Direct na de lezing vroeg Kees Goedhart, voorzitter van Stichting Opwekking, mensen naar voren te komen „bij wie er een stuk liefde voor het Woord weg is.” Vervolgens was er gebed voor hen. Goedhart: „We moeten leven naar het Woord, anders zal er geen opwekking komen.”
Behalve een hoofdprogramma was er tijdens het pinksterweekend een zendingsprogramma en een jongerenprogramma. Ook de tieners en de kinderen konden vier dagen lang meedoen aan voor hen georganiseerde activiteiten. Sprekers waren onder meer ds. Ron van der Spoel, ds. Gijs Lammerts van Buren en ds. Hans Eschbach.
Zaterdagmiddag was er volgens het programmaboekje een ”pinksterparty”, op zondag hadden onder meer een sing-in en de viering van het Heilig Avondmaal plaats. Tijdens de sing-in waren er 40.000 mensen aanwezig op het terrein van Walibi World, waar de conferentie gehouden werd. Het thema van de pinksterconferentie was ”Geest en Vuur”.
In ”Heavens Door”, de tent waarin een groot deel van het jongerenprogramma draaide, sprak zaterdagmiddag prof. dr. Willem Ouweneel over ”leven door de Geest.” Hij legde aan de hand van vijf punten uit hoe God zich bekend maakt en antwoord geeft.
„Allereerst is dat door de Bijbel en dus door middel van de Heilige Geest. Stel, je staat voor een moeilijke keuze. Probeer eens te bedenken wat Hij zou zeggen als je jouw vraag aan Hem stelde? Om dat te kunnen weten, moet je Hem kennen. Je kent Hem door Zijn Woord te lezen. En hoe meer je Hem leert kennen, hoe beter je weet wat je moet doen.”

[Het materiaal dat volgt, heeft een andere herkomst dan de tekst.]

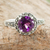 Amethyst single stone ring, 'Contemporary Belle' - Amethyst and Marcasite Sterling Silver Ring Artisan Jewelry thumbail
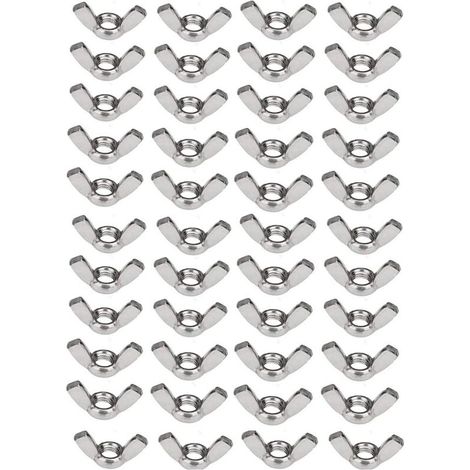 50 x 304 Stainless Steel Wing Nuts Set M6 (1/4 inch) Wing Nut Hand Twist Fastener Hardware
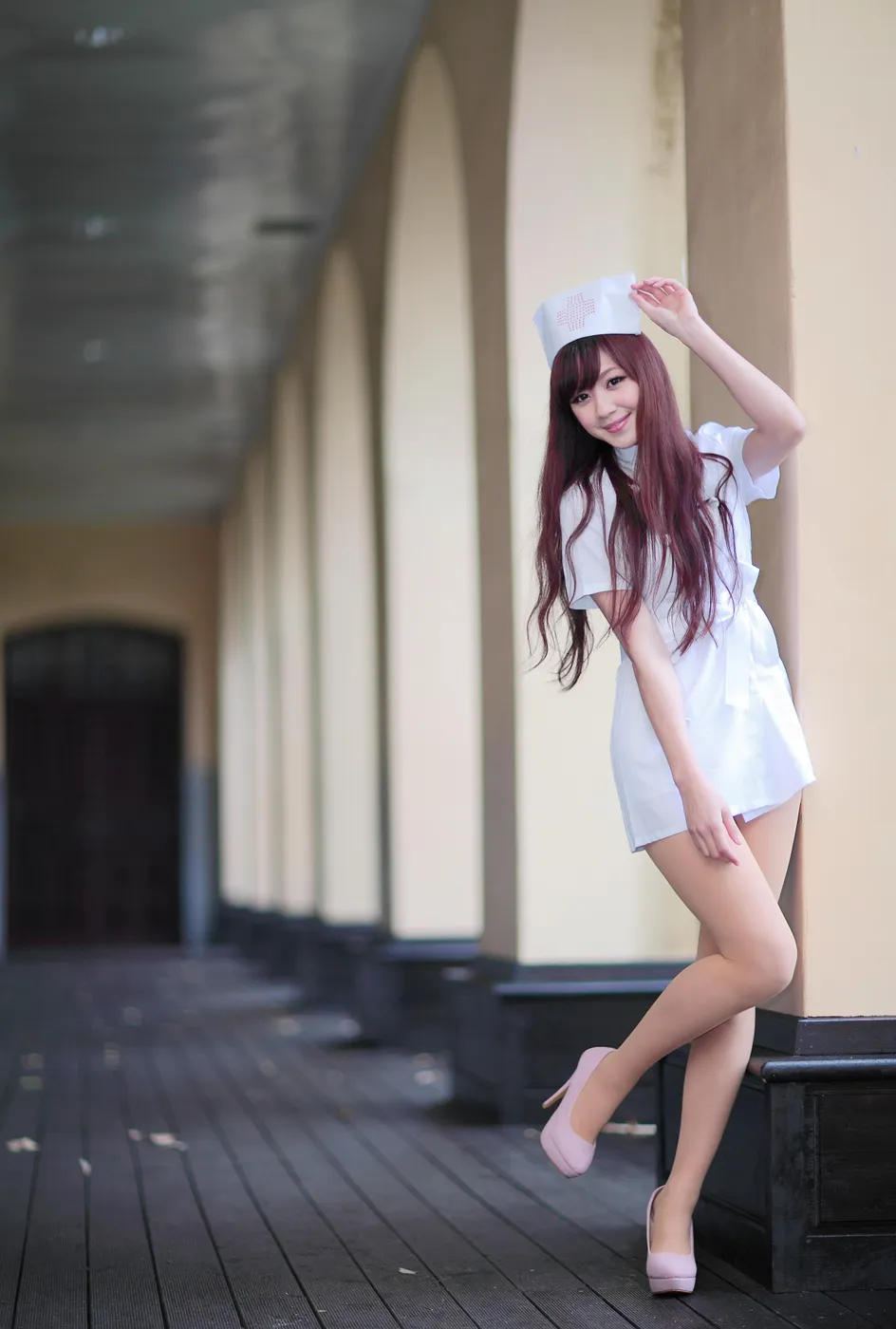 [Mzsock] NO.204 Xiaoya nurse uniform, stockings, high heels and beautiful legs street photography#[70P]-7
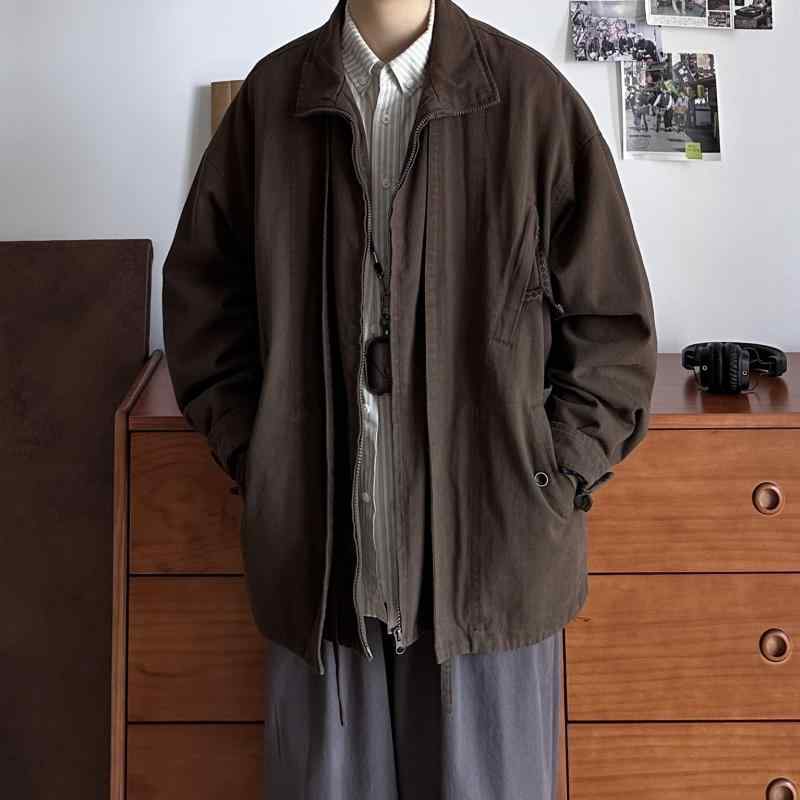 メンズ 流行り物 服 成人男性用 オシャレ 分かりやすい 成年者 かっこいい 表どおり 成人男性服  レトロ ブラウンカラーウォッシュ 綿織物 ゆったり 影ぼうし 上衣 ジェンダーレスコート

Naast de Bijbel is bidden een middel om Gods wil te leren kennen, zei prof. Ouweneel. „Bidden is een oefening in eerlijkheid. Een gebed is geen contract waaronder God zijn paraafje moet zetten. In een eerlijk gebed ben je bereid om jouw verlangen ondergeschikt te maken aan dat van God.”
Hij onderscheidde een natuurlijk en een geestelijk gebed. Een natuurlijk gebed is volgens hem een standaardgebed om bijvoorbeeld bewaring, gezondheid en zegen over het eten. Bidden in de geest is „vertrouwelijk bidden, op basis van wederkerigheid. We hebben toch een relatie met God?” Ouweneel vroeg de jongeren of ze er wel eens bij stil stonden dat we vaak alleen vragen wat we nodig hebben. „Bidden in de Geest is vragen: „Wat vindt U belangrijk? Waarvoor wilt U dat ik bidt?””
Ook profetie noemde hij een middel waardoor God spreekt. „Wees er niet bang voor, maar toets deze wel. Daar wil ik een dikke streep onder zetten. Ze mag je nooit leiden. Neem de profetie mee naar God, spreid deze voor Hem uit en vraag: „Is het van U of niet?” Niet een profeet leidt je leven.”